That 'stretched' effect on the image is a vertical linearity issue. The way I see it the entire image above his waist is stretched or the entire area below his waist is compressed(depending on how you look at it). That can likely be cured by feeding a pattern of evenly spaced horizontal bars to the set and adjusting the Vertical height and linearity controls until the spacing of the bars on screen is even(you may have to tweak the vertical centering too).
If it is going blue with different brightness settings then you need to readjust CRT bias. With a blank raster turn the brightness and color level controls to minimum, flip the service switch on the back to collapse the vertical deflection, and turn all the rear screen(sometimes labeled G2) controls to minimum(for this part have a mirror set up so you can watch the set while adjusting the rear controls) then turn red up until a dim red line appears, turn the green back up until you have yellow, and turn the blue back up until you have white, flip the service switch back to normal position to reactivate vertical deflection, and turn brightness up until satisfactory. Now play a gray scale test pattern, and if the gray scale is still tinted there should be some red,green,blue level controls other than the screen controls to adjust tweak those to kill the tint in the monochrome picture. Make sure you also dial in the brightness and contrast to acceptable levels.
After that is done turn the color level up and place a color bars test pattern on the screen and adjust hue and color level for most accurate reasonably saturated color, switch to live action content and tweak hue and possibly color level controls for good skin tones if need be.
The problem with that white line is one of two things. It is either a convergence or usually in curable video design limitation. Get a test pattern with wider monochrome cross hatched bars and see if the bars are color fringed or pure white when displayed. If fringed readjust convergence. If the fringes disappear then what is happening is that the vertical line you were displaying is so thin that the frequency of the pulse representing it is high enough to be above the cutoff of the high pass filter for the chroma circuits and thus cause monochrome noise to leak into chroma circuits. This set predates comb and notch filters so color noise gets into the black and white image and black and white noise gets into the color circuits by the limitations of the design.
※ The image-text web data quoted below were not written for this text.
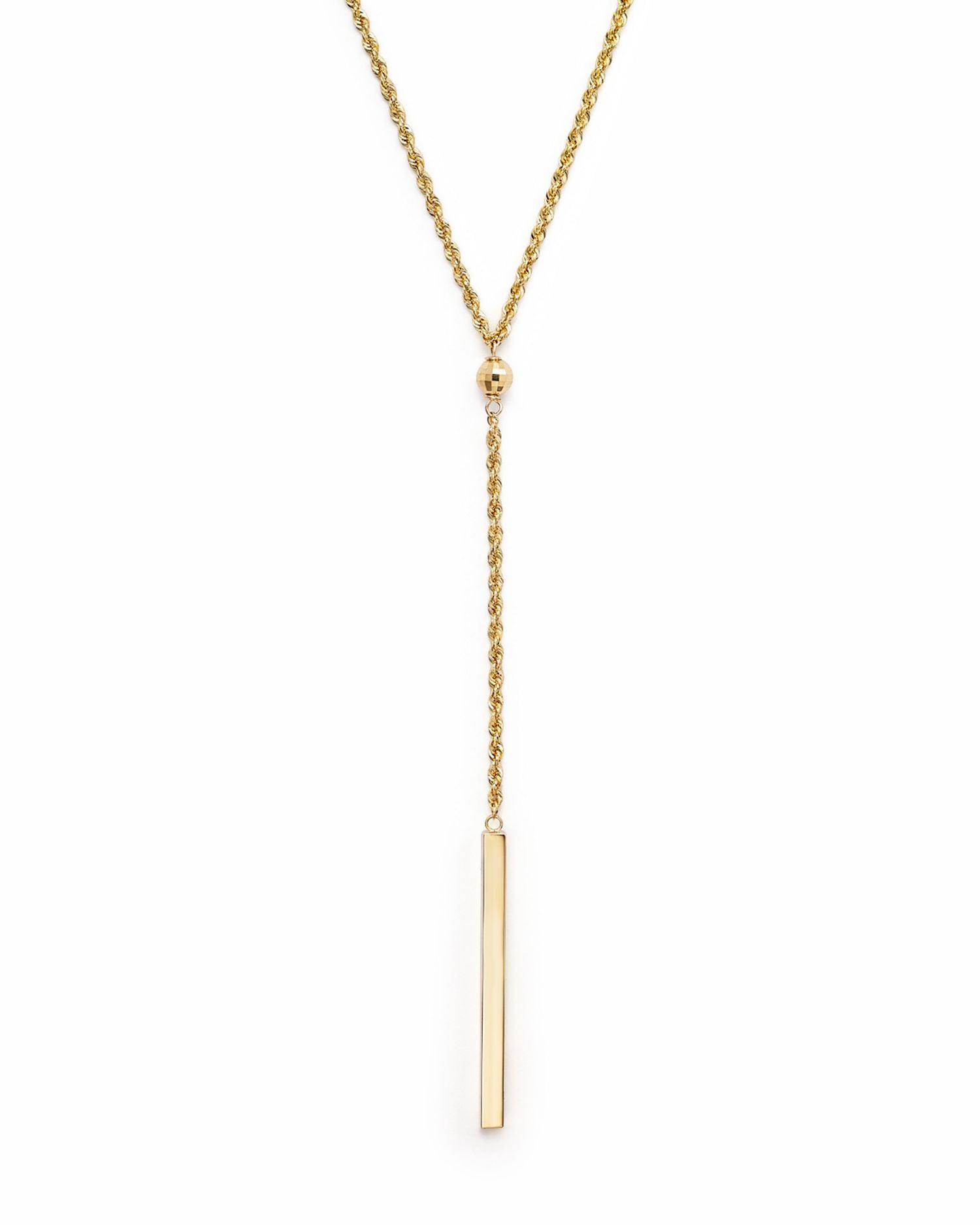 14K Yellow Gold Rope Chain Bar Drop Necklace, 18' - Exclusive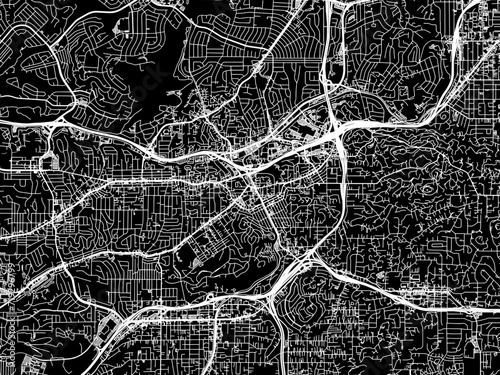 Vector road map of the city of La Mesa  California in the United States of America with white roads on a black background. photo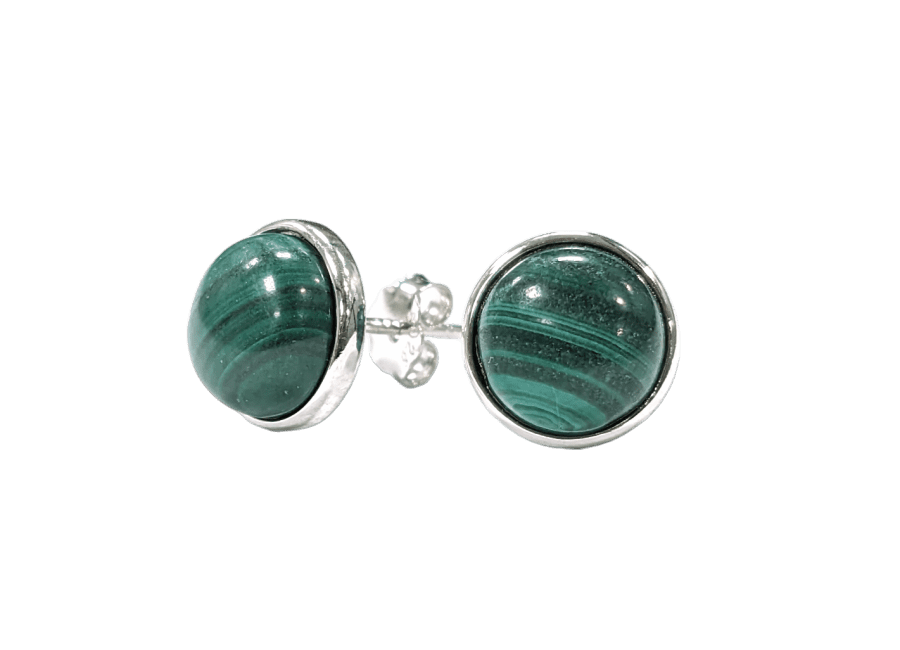 Boucles d'Oreilles Argent 925 Malachite AA 8mm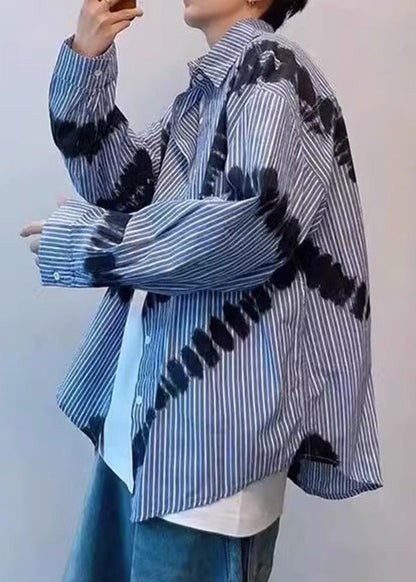 Spring Blue Men Shirts Tie Striped Cotton Dye Chic FashionChic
There are probably adjustments for the chromatic somewhere. The chromatic was basically just another set of controls for brightness contrast, hue, and color level that could be switched in in place of the user controls so that if someone monkeyed with the user controls and you were in a hurry or you could not get them right your self you could push the button to 'fix it'. The chromatic adjustments drift with time and when you resetup the set like the above screens adjustment I mentioned.